Normalization and evidence-oriented computations are supported by DM_LOGBETA and DM_LOGSUM_NORM. DM_LOGBETA evaluates the log multivariate beta function, the key normalizing term that appears in Dirichlet and Dirichlet-multinomial log-likelihood expressions. DM_LOGSUM_NORM converts unnormalized log-scores into normalized probabilities and returns the log normalizer, a standard step in Bayesian model comparison and stable posterior weight calculations.

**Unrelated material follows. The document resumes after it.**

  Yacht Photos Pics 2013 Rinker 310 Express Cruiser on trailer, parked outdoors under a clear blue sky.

Used together, these functions reduce overflow/underflow risk and make large-scale categorical inference pipelines numerically reliable.

DM_CRED_INT

This function computes marginal credible intervals for each category probability under a Dirichlet posterior. Each category marginal follows a Beta distribution with parameters derived from the full Dirichlet vector.

For posterior parameters \boldsymbol{\alpha}' and category i, the marginal is:

\theta_i \sim \mathrm{Beta}\left(\alpha_i', \alpha_0' - \alpha_i'\right), \qquad \alpha_0' = \sum_{j=1}^K \alpha_j'

For credibility level c, the lower and upper bounds are the quantiles at (1-c)/2 and 1-(1-c)/2.

Excel Usage

=DM_CRED_INT(alpha_posterior, cred_level)

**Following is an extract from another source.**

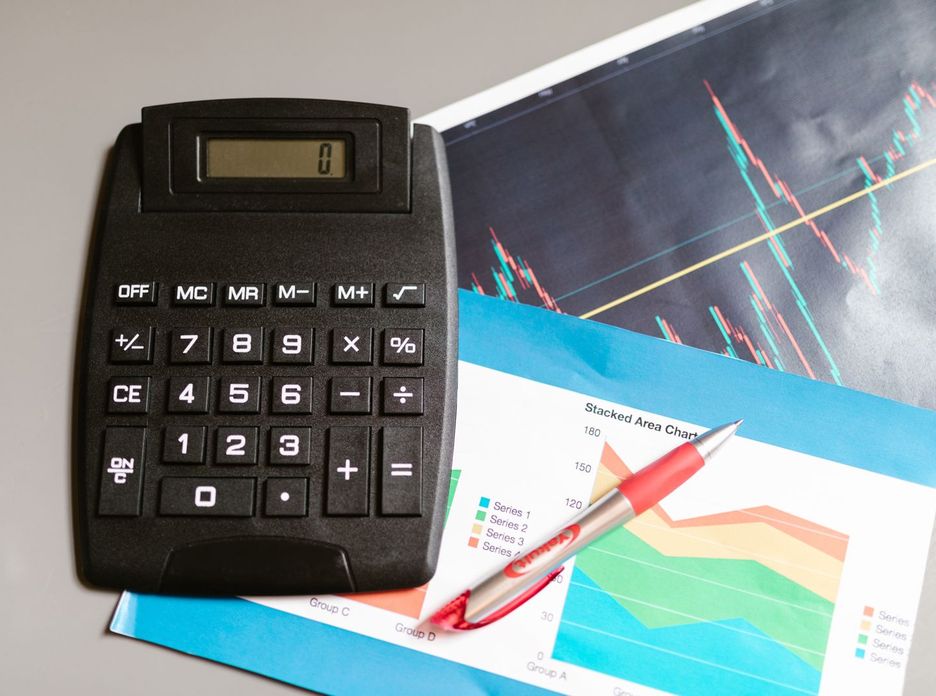 Calculator and pen on a desk with financial charts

alpha_posterior (list[list], required): Posterior Dirichlet hyperparameters as a 2D range of positive values.
cred_level (float, optional, default: 0.95): Central credibility level in (0, 1), such as 0.95.

Returns (list[list]): 2D array with lower bounds in the first row and upper bounds in the second row.

Example 1: Default 95 percent intervals for three-category posterior

Inputs:

alpha_posterior
6	3	4

Excel formula:

=DM_CRED_INT({6,3,4})

Expected output:

Result
0.210945	0.0548606	0.0992461
0.72333	0.484138	0.571858

Example 2: 90 percent intervals for skewed posterior

Inputs:

alpha_posterior			cred_level
15	2	1	0.9

Excel formula:

=DM_CRED_INT({15,2,1}, 0.9)

Expected output:

Result
0.673807	0.0213176	0.00301271
0.950102	0.250124	0.161566

Example 3: Matrix-shaped posterior parameters for interval computation

Inputs:

alpha_posterior		cred_level
2	5	0.8
3	4

Excel formula:

=DM_CRED_INT({2,5;3,4}, 0.8)

Expected output:

Result
0.041691	0.200502	0.0879964	0.141611
0.267836	0.523429	0.359776	0.444263

Example 4: Intervals under weaker posterior concentration

Inputs:

alpha_posterior				cred_level
0.9	1.1	0.8	1.2	0.85

Excel formula:

=DM_CRED_INT({0.9,1.1,0.8,1.2}, 0.85)

Expected output:

Result
0.0179992	0.0346402	0.0117339	0.0449046
0.54483	0.60985	0.509197	0.639744

Python Code

Show Code

from scipy.special import betaincinv as scipy_betaincinv

def dm_cred_int(alpha_posterior, cred_level=0.95):
    """
    Compute category-wise credible intervals from posterior Dirichlet parameters.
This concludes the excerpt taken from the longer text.